Le musicien de 47 ans livre donc son premier film sous le signe d’une comédie de science-fiction, dystopie farcesque et radicale qui se paie le luxe de mettre, au pays de l’Oncle Sam, le capitalisme six pieds sous terre. L’acteur Lakeith Stanfield y incarne Cassius Green, jeune galérien afro-américain d’Oakland, qui vit dans le garage de son oncle, et encore à crédit, poursuit une relation entachée d’incertitude avec Detroit, une performeuse politiquement engagée, cherche à se sortir de la mouise par tous les moyens. Jacques Mandelbaum
Film américain de Boots Riley. Avec Lakeith Stanfield, Tessa Thompson, Jermaine Fowler (1 h 51).
« Si Beale Street pouvait parler » : amour absolu, à Harlem
SI BEALE STREET POUVAIT PARLER Bande Annonce (2019) Drame
Durée : 02:35
Le précédent et deuxième long-métrage de Barry Jenkins, Moonlight (Oscar du meilleur film en 2017), avait saisi par sa beauté formelle qui rendait grâce et dignité à l’histoire écrite par le dramaturge Tarell McCraney, sur l’itinéraire d’un Noir homosexuel aux prises avec la solitude, la cruauté et le crack, dans un ghetto de Miami. Le troisième film du cinéaste américain, Si Beale Street pouvait parler, qui s’inspire cette fois du roman de James Baldwin (Stock, 1997), atteint de la même façon par la beauté d’une image dont le grain, la patine et la couleur diffusent immédiatement une sensualité qui touche les sens. Cette esthétique, qui agit comme un fluide, n’a cependant pas pour seule finalité de provoquer les émotions. Elle célèbre aussi le propos d’un roman qui fait triompher l’amour contre les forces visant à le détruire.

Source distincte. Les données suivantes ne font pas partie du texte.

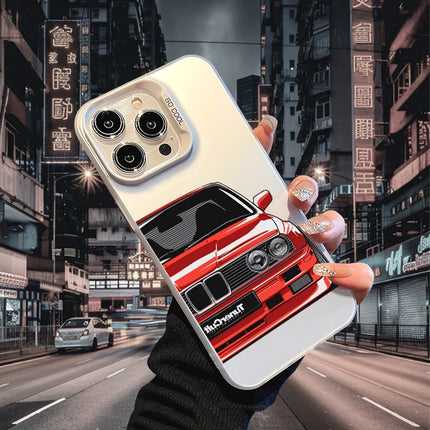 OKEYWOW iPhone BMW E34 case with laser-etched design, shockproof PC and TPU cover for iPhone 17, 16, 15, 14, 13, 12, 11 Pro Max, XR, XS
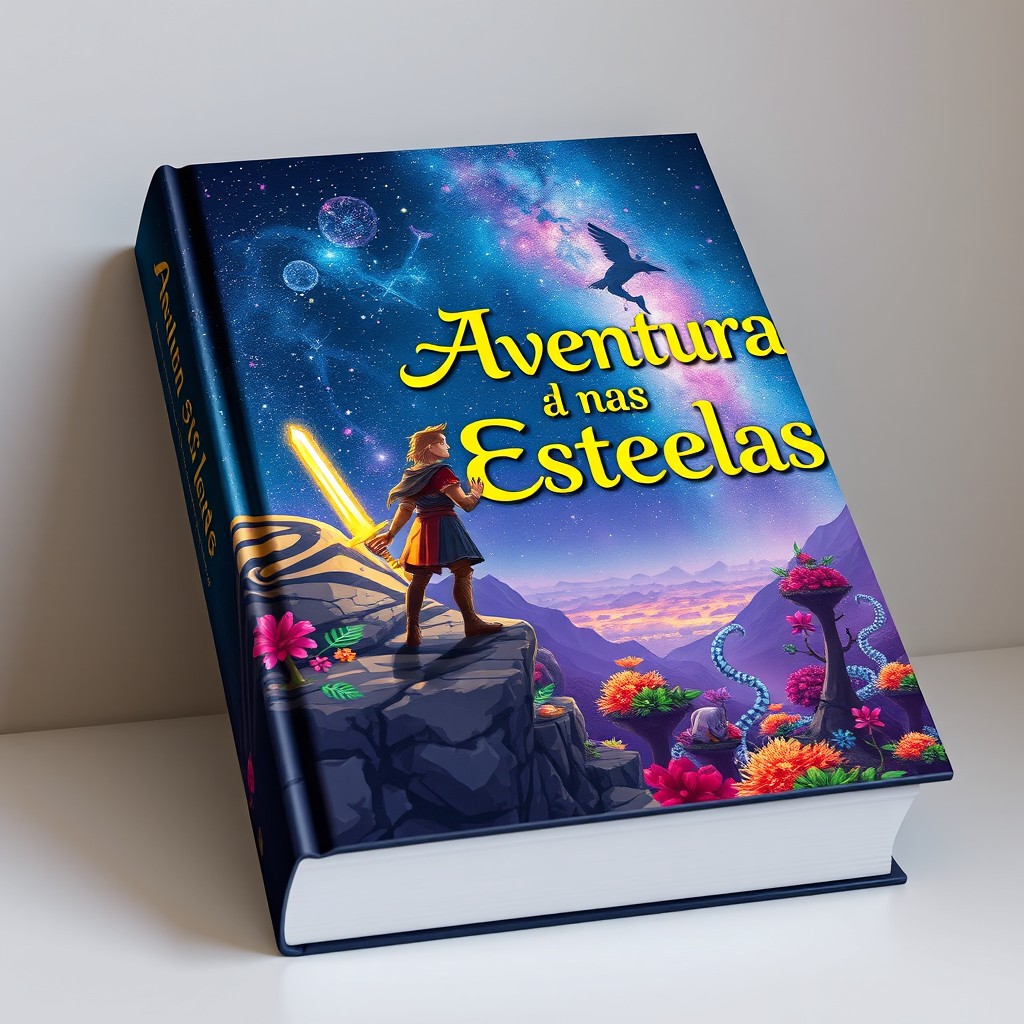 Design a captivating book cover for a fantasy novel titled 'Aventura nas Estrelas'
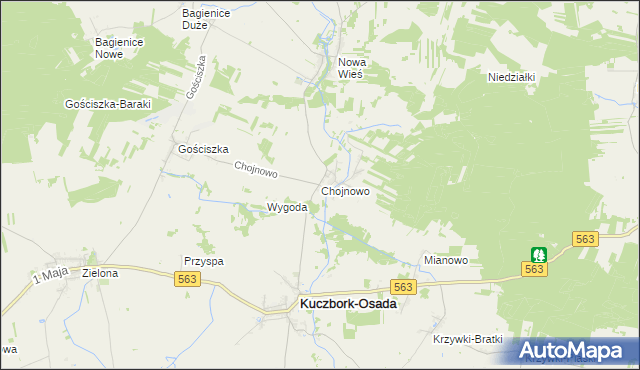 mapa Chojnowo gmina Kuczbork-Osada, Chojnowo gmina Kuczbork-Osada na mapie Targeo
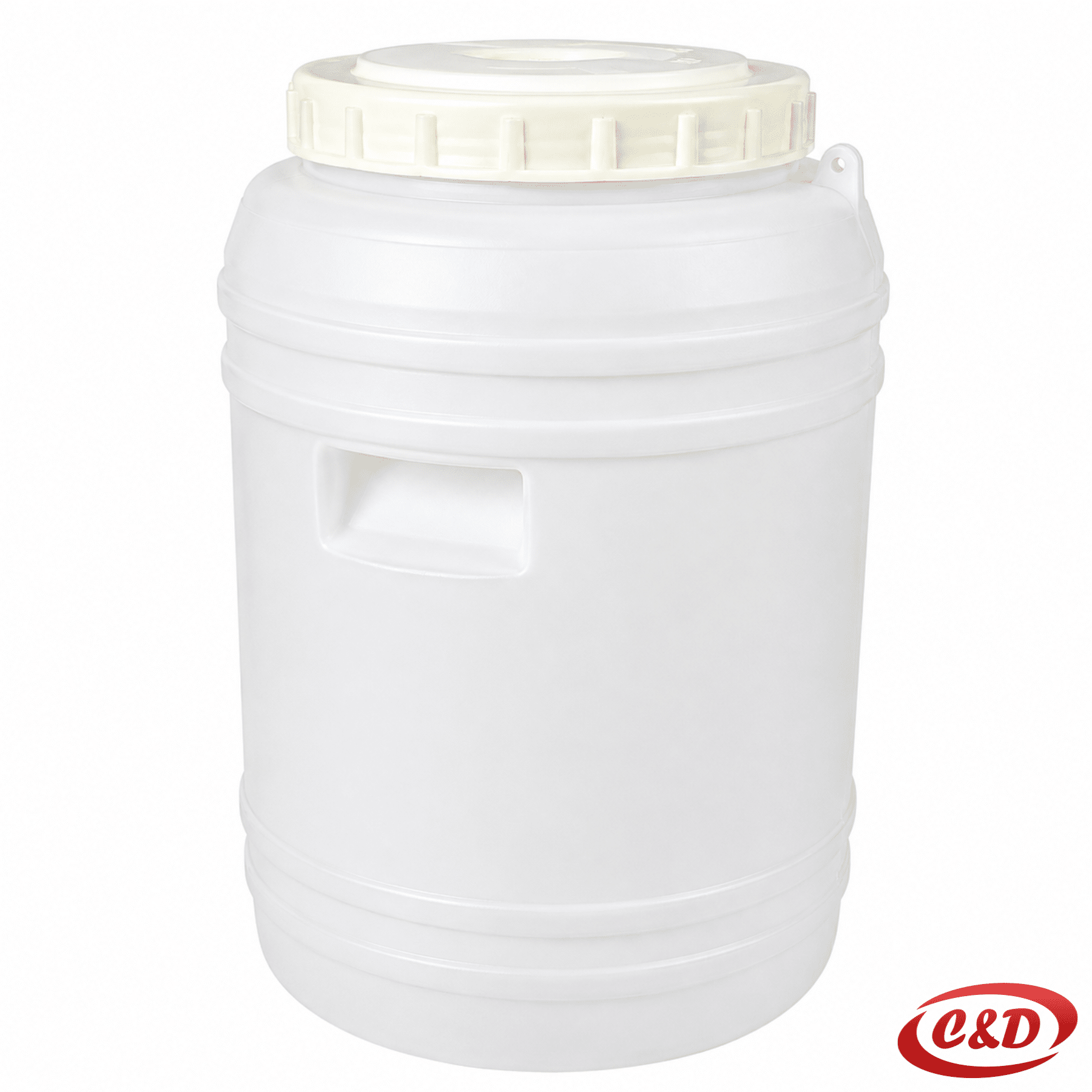 Bijelo PVC bure s podčepom zapremnine 20 litara, visine 38 cm i promjera 22 cm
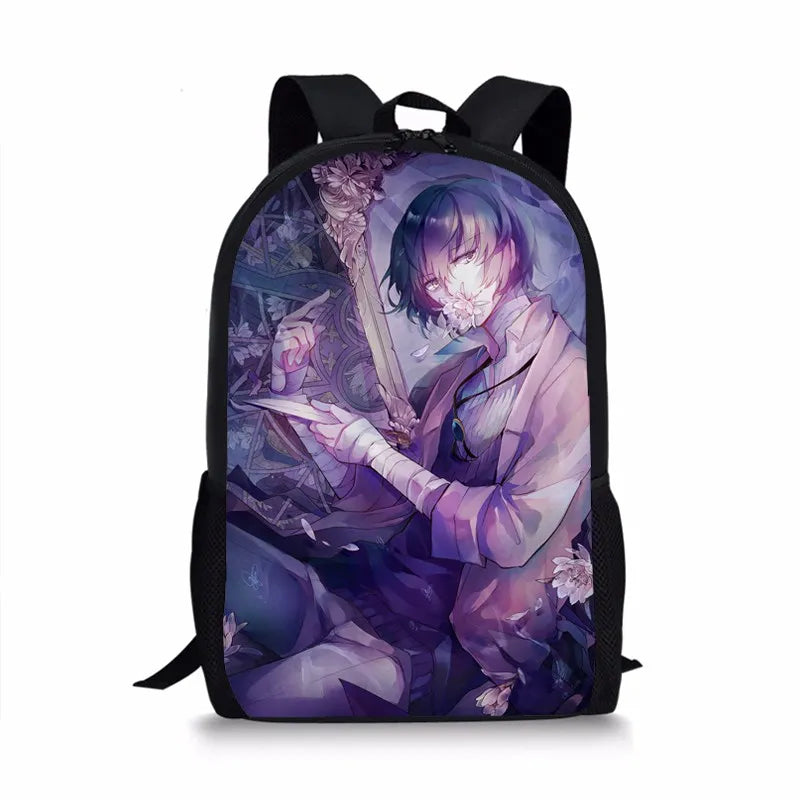 Bungo Stray Dogs Backpack Osamu Dazai Printed School Book Bag 17Inch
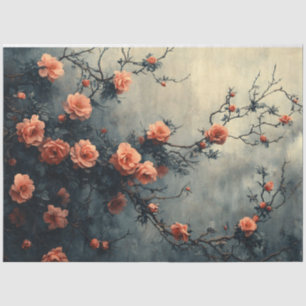 Papel De Seda Rosas rosadas enredadera decoupage melancólico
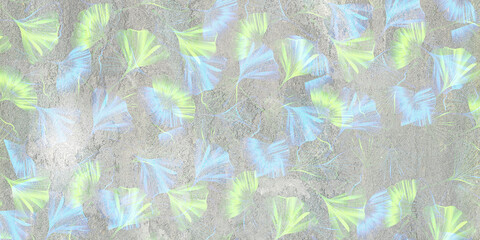 Wall Mural - Grunge concrete wall with ornaments and prints. Digital tiles design. 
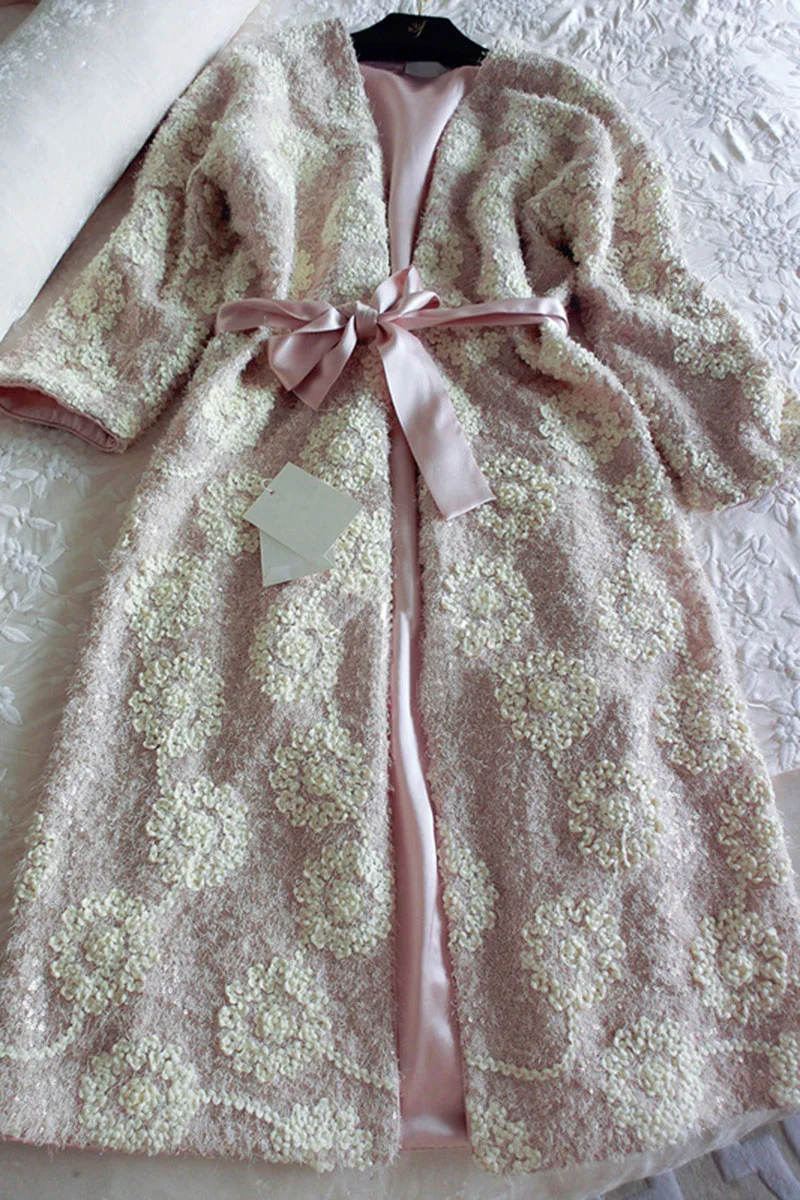 1pic Long robe Осенне-зимняя Шелковая пижама халат Роскошная ночная рубашка женская вышитая длинная ночная рубашка утолщенная Пижама - Цвет: 1pic Long robe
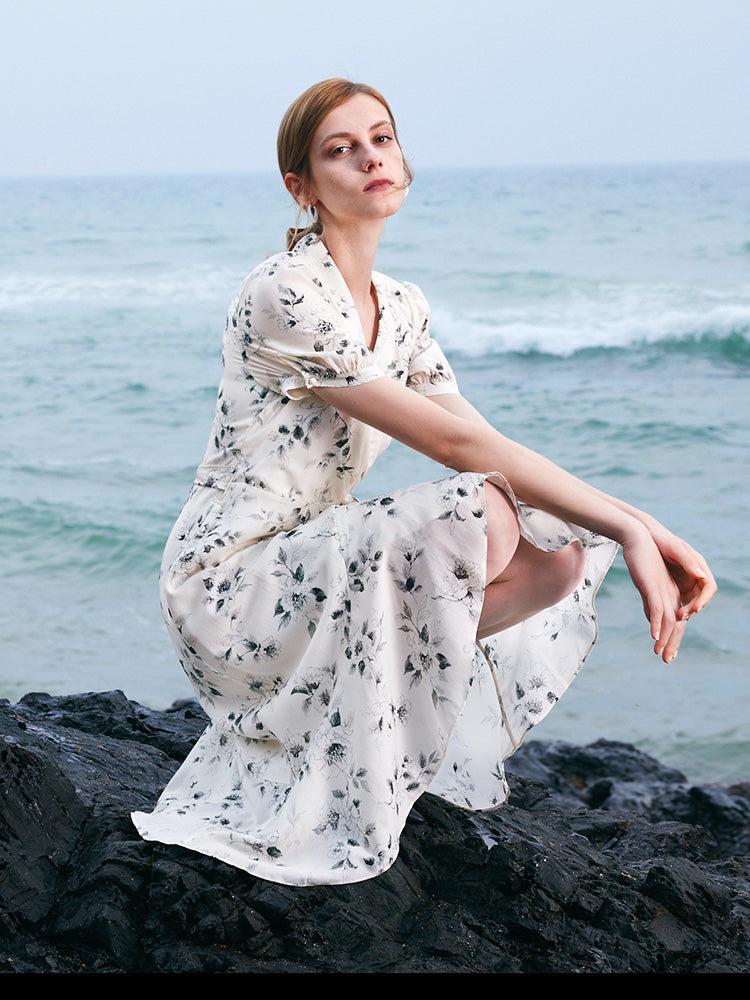 Acetate Ink Floral Print Wrap Midi Dress Product Image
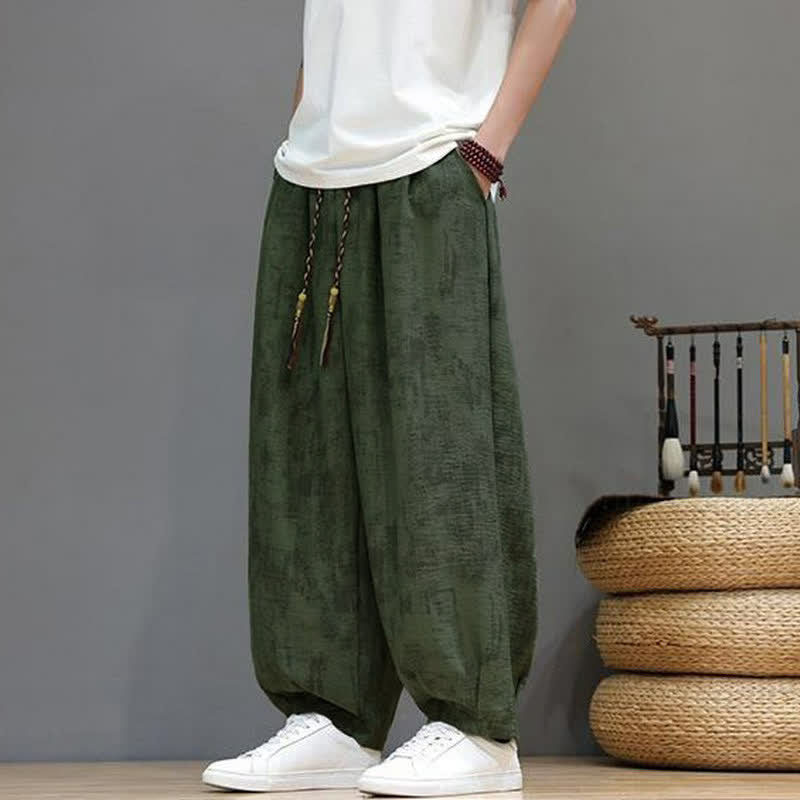 Buddha Stones Lässige Vintage-Herrenhose mit Kordelzug, gewaschenem, abstraktem Muster und geradem Bein mit Tasche – ideal für Frühling und Sommer. - image 12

Car, dans le Harlem des années 1970, Tish (KiKi Layne) et Fonny (Stephan James), inséparables depuis l’enfance, s’aiment d’un amour absolu. Ils n’ont pas 20 ans, mais sont prêts pour le mariage, les enfants, toute une vie ensemble. L’Amérique de cette époque, elle, ne l’est pas. Fonny est accusé d’avoir violé une Portoricaine qu’il n’a jamais rencontrée. Il est incarcéré. Tish est enceinte. Alors qu’il résiste entre quatre murs, porté par l’espoir de voir naître son enfant, elle entreprend un combat pour innocenter son amoureux et le faire sortir de prison. Véronique Cauhapé
Film américain de Barry Jenkins. Avec Kiki Layne, Stephan James, Regina King (1 h 59).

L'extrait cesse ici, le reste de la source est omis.